(Beginning of SOURCE DATA)

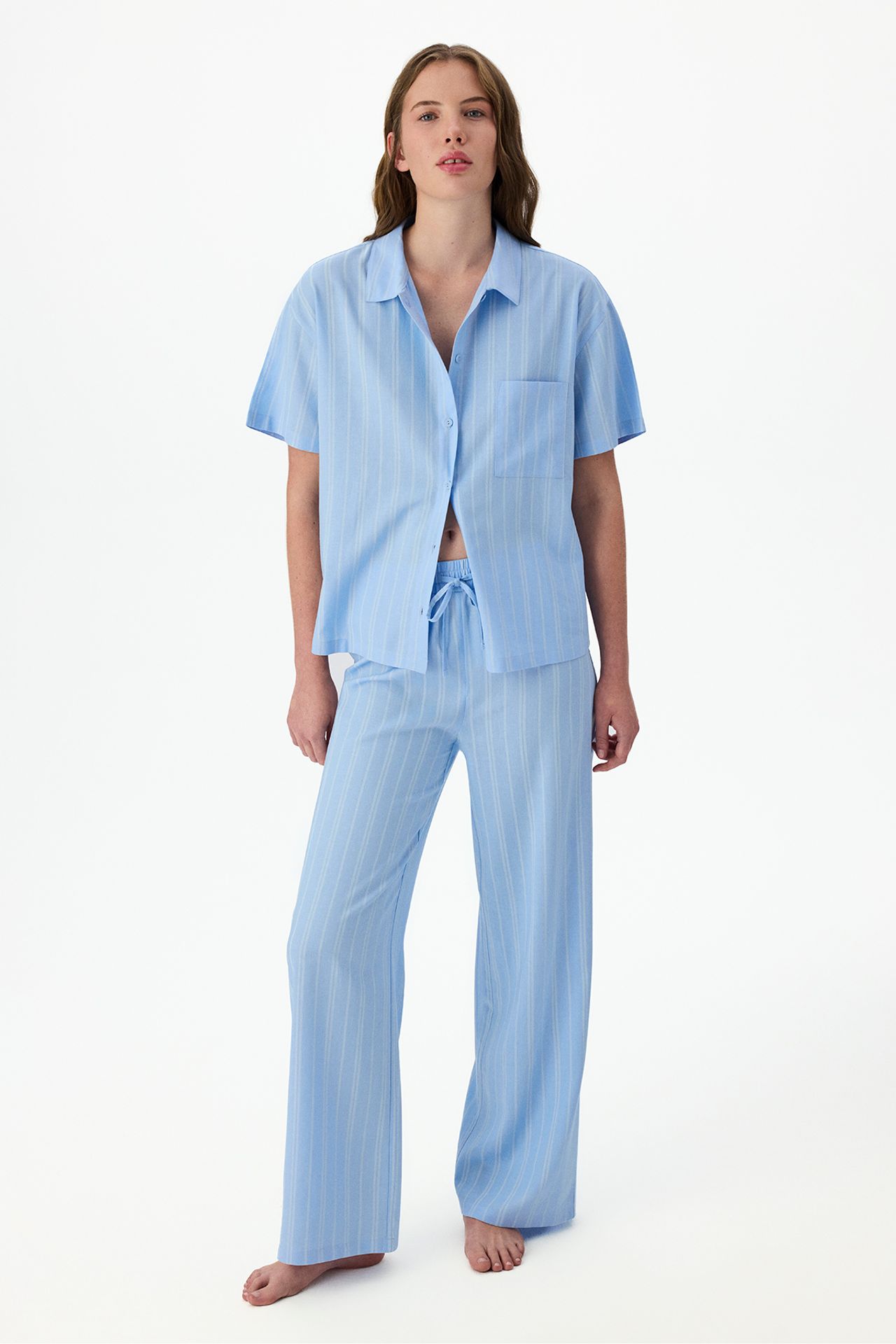 PENTI Vacation Striped Short Sleeve Shirt Pants Pajama Set 3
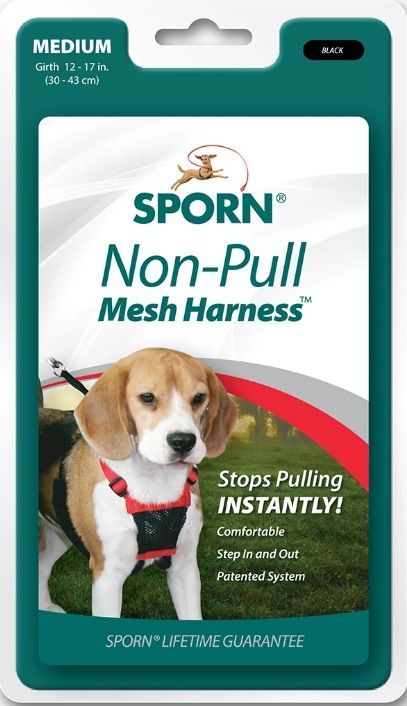 Sporn Non Pull Mesh Harness for Dogs - Black - Medium image 0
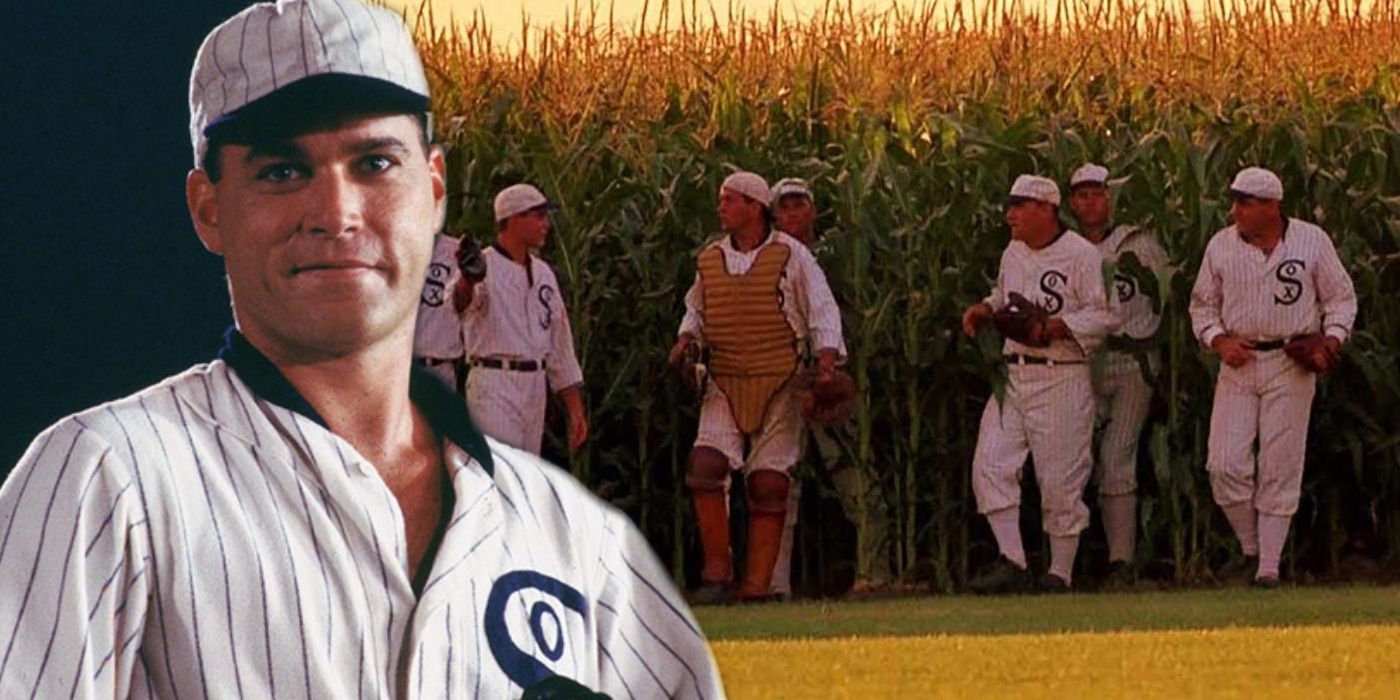A composite image of Shoeless Joe from Field of Dreams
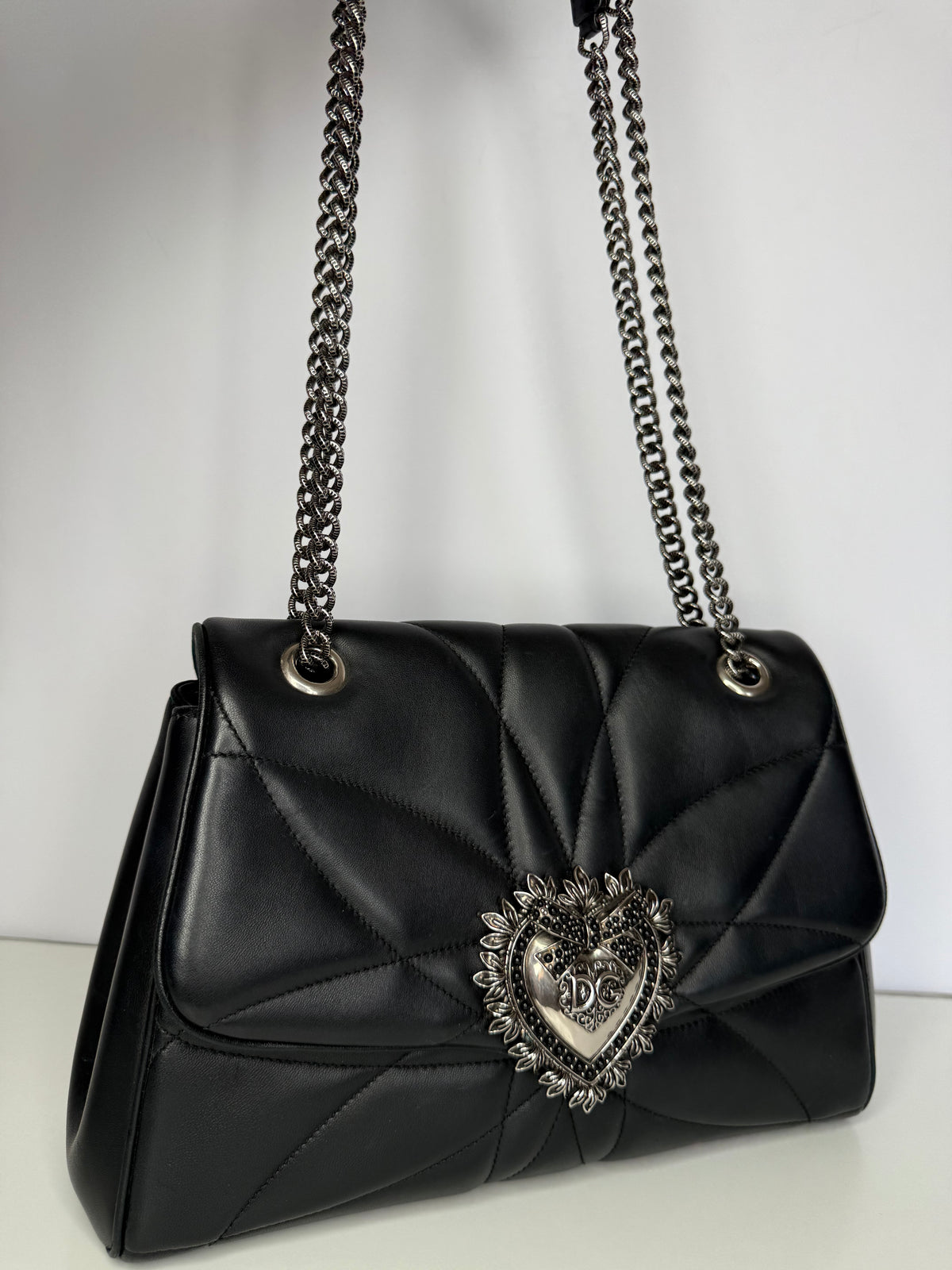 Dolce Gabbana Black Nappa Quilted Devotion Bag
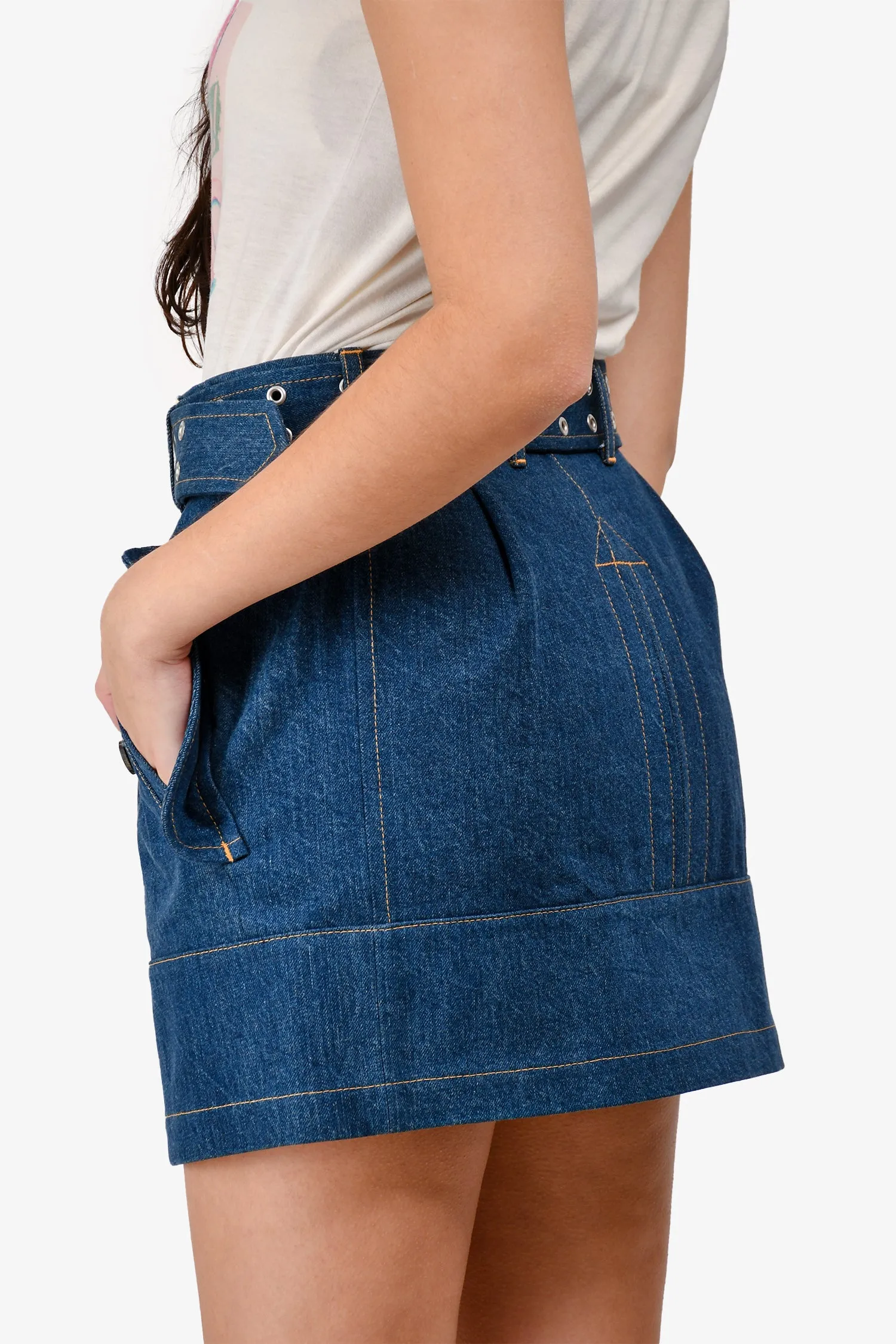 Junya Watanabe Comme des Garcons Blue Denim Belted Mini Skirt Size S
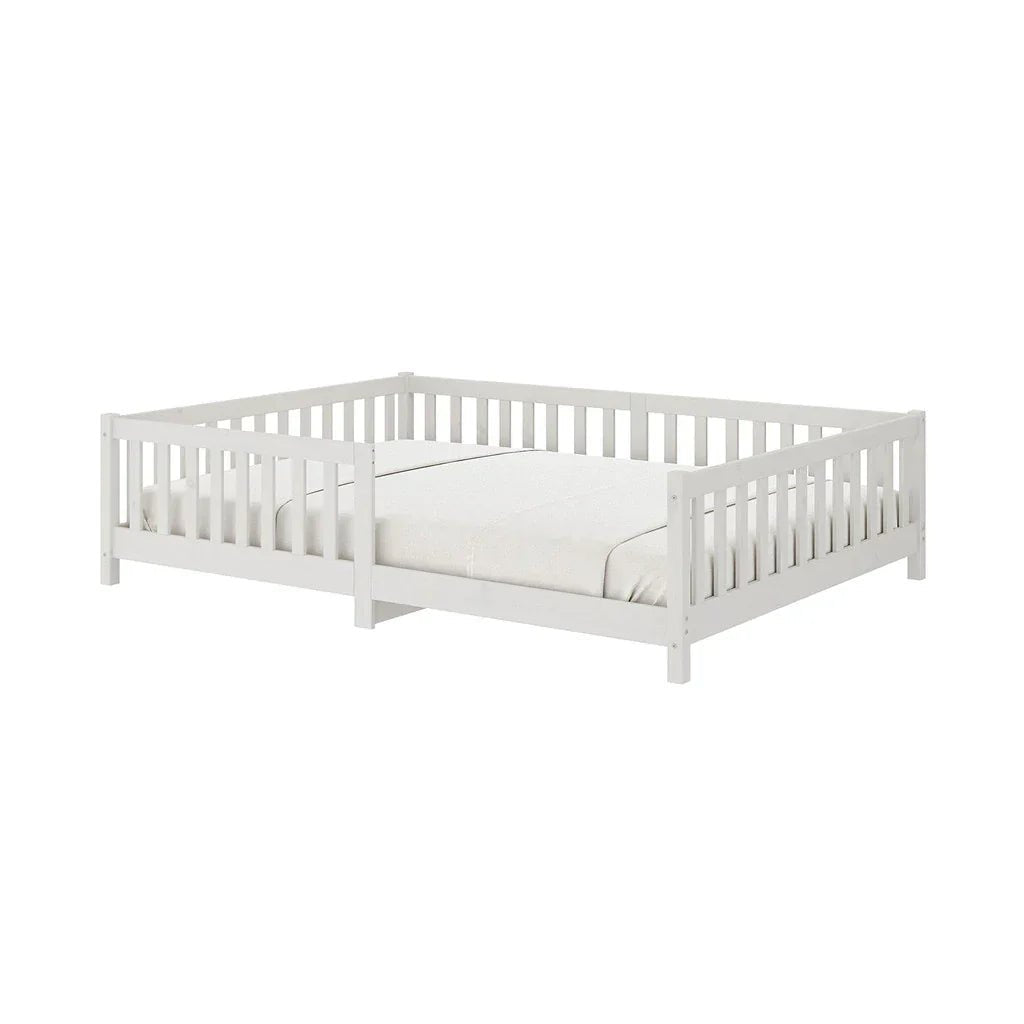 Cama Montessoriana Casal com Grade Eva - 100% Madeira Maciça Branca [Suporta 220kg] - Imagem 6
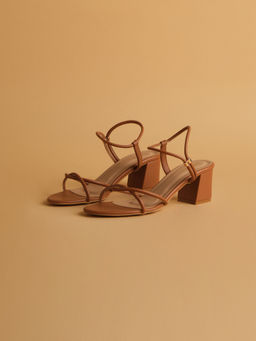 ERIDANI - Rosana Strappy Block Heels Tan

(End of SOURCE DATA)

WHAT YOU WILL DO:
All of the data should be returned word for word, with each picture left out.

EXERCISE ANSWER:
 PENTI Vacation Striped Short Sleeve Shirt Pants Pajama Set 3
 Sporn Non Pull Mesh Harness for Dogs - Black - Medium image 0
A composite image of Shoeless Joe from Field of Dreams
 Dolce Gabbana Black Nappa Quilted Devotion Bag
 Junya Watanabe Comme des Garcons Blue Denim Belted Mini Skirt Size S
 Cama Montessoriana Casal com Grade Eva - 100% Madeira Maciça Branca [Suporta 220kg] - Imagem 6
 ERIDANI - Rosana Strappy Block Heels Tan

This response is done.